| Title | Better Unicode compliance in TeX |
|---|---|
| Student | Arthur Reutenauer |
| Mentor | Eric Muller |
| Abstract | |
|
The well-known program TeX, and its extensions, have always had an outstanding tradition of producing beautiful documents, but they have paid less attention to other end, the input stream. Direct UTF-8 input has only been made possible fairly recently, by two extensions to the TeX engine called LuaTeX and XeTeX (of course, TeX could already process UTF-8-encoded text thanks to appropriate macros). General support for Unicode properties is rather poor.

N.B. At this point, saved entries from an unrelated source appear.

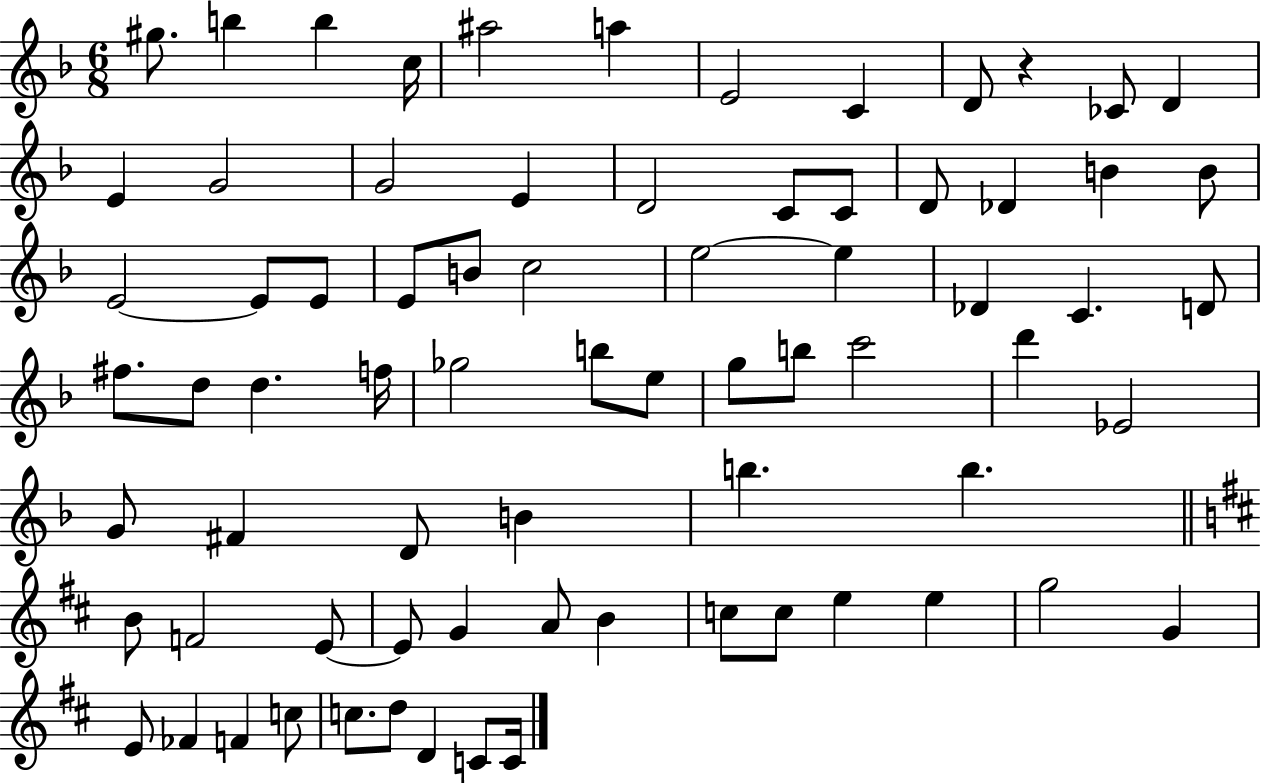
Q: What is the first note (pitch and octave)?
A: G#5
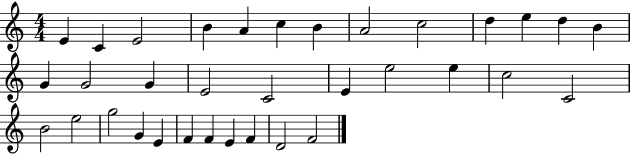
E4/q C4/q E4/h B4/q A4/q C5/q B4/q A4/h C5/h D5/q E5/q D5/q B4/q G4/q G4/h G4/q E4/h C4/h E4/q E5/h E5/q C5/h C4/h B4/h E5/h G5/h G4/q E4/q F4/q F4/q E4/q F4/q D4/h F4/h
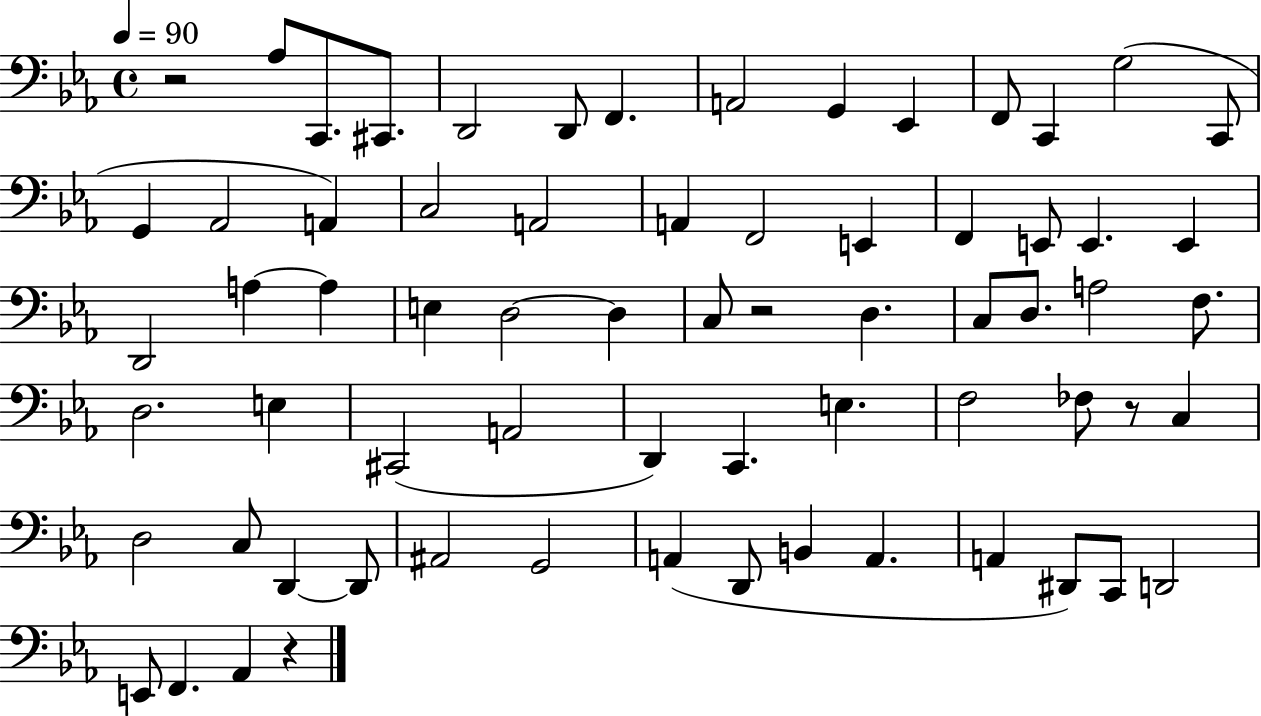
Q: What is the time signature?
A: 4/4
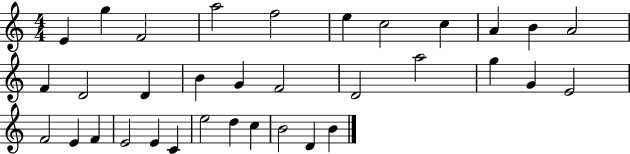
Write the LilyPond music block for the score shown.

{
  \clef treble
  \numericTimeSignature
  \time 4/4
  \key c \major
  e'4 g''4 f'2 | a''2 f''2 | e''4 c''2 c''4 | a'4 b'4 a'2 | \break f'4 d'2 d'4 | b'4 g'4 f'2 | d'2 a''2 | g''4 g'4 e'2 | \break f'2 e'4 f'4 | e'2 e'4 c'4 | e''2 d''4 c''4 | b'2 d'4 b'4 | \break \bar "|."
}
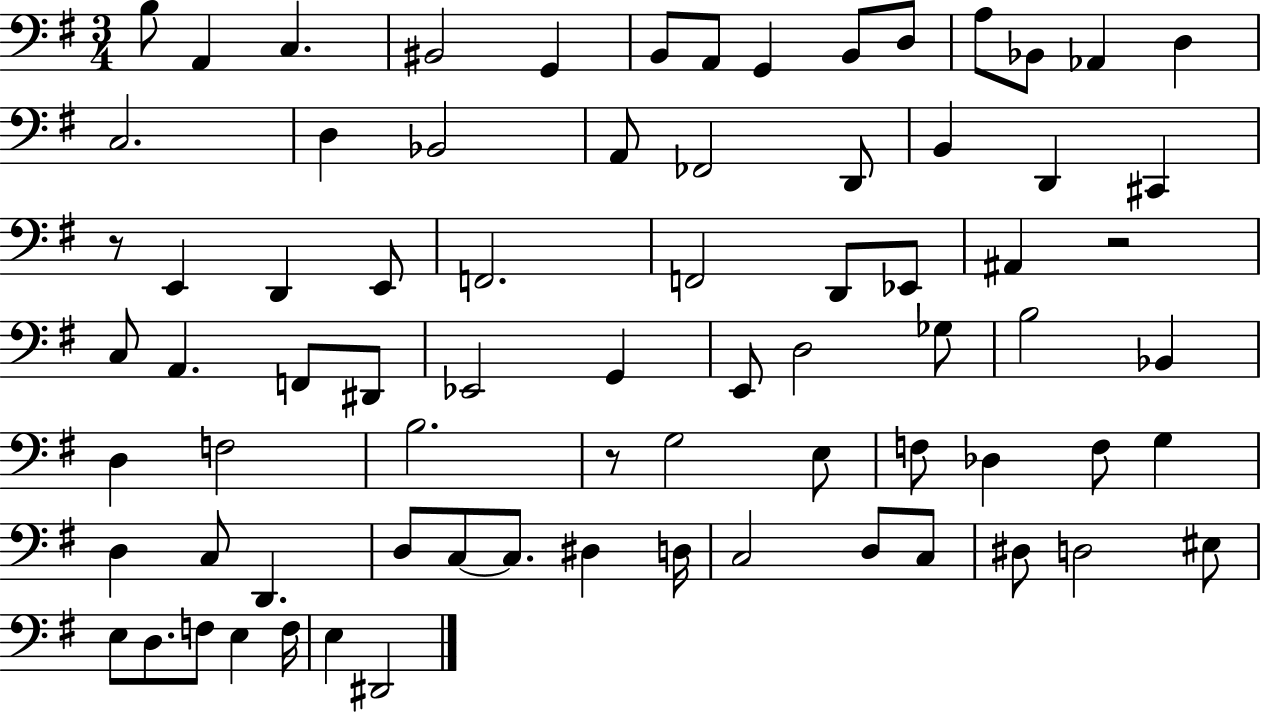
B3/e A2/q C3/q. BIS2/h G2/q B2/e A2/e G2/q B2/e D3/e A3/e Bb2/e Ab2/q D3/q C3/h. D3/q Bb2/h A2/e FES2/h D2/e B2/q D2/q C#2/q R/e E2/q D2/q E2/e F2/h. F2/h D2/e Eb2/e A#2/q R/h C3/e A2/q. F2/e D#2/e Eb2/h G2/q E2/e D3/h Gb3/e B3/h Bb2/q D3/q F3/h B3/h. R/e G3/h E3/e F3/e Db3/q F3/e G3/q D3/q C3/e D2/q. D3/e C3/e C3/e. D#3/q D3/s C3/h D3/e C3/e D#3/e D3/h EIS3/e E3/e D3/e. F3/e E3/q F3/s E3/q D#2/h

My project is to investigate the current state of Unicode support in TeX, and implement improvements for different aspects of Unicode compliance, as defined in chapter 3 of the Unicode Standard. Since complete compliance is probably too much for such a project, I have sorted out a few points which have seemed the most interesting to me: handling of combining characters (in conjunction with normalization, see UAX #15, http://www.unicode.org/reports/tr15/), bidi algorithm (UAX #9), and issues related to hyphenation (UAX #14, line breaking properties, and UAX #29's section about word boundaries). I have already made some experiments about normalization in LuaTeX with ConTeXt (link below), but I will do my best to implement the same algorithms in XeTeX as well, because it seems essential to support both those engines, be it only because each one of them implies a particular philosophy and perspective on TeX programming: support for LuaTeX could be done entirely at the macro level, mostly with Lua code, whereas XeTeX would probably require adding new primitives and modifying some of the libraries it uses, in particular ICU. |
|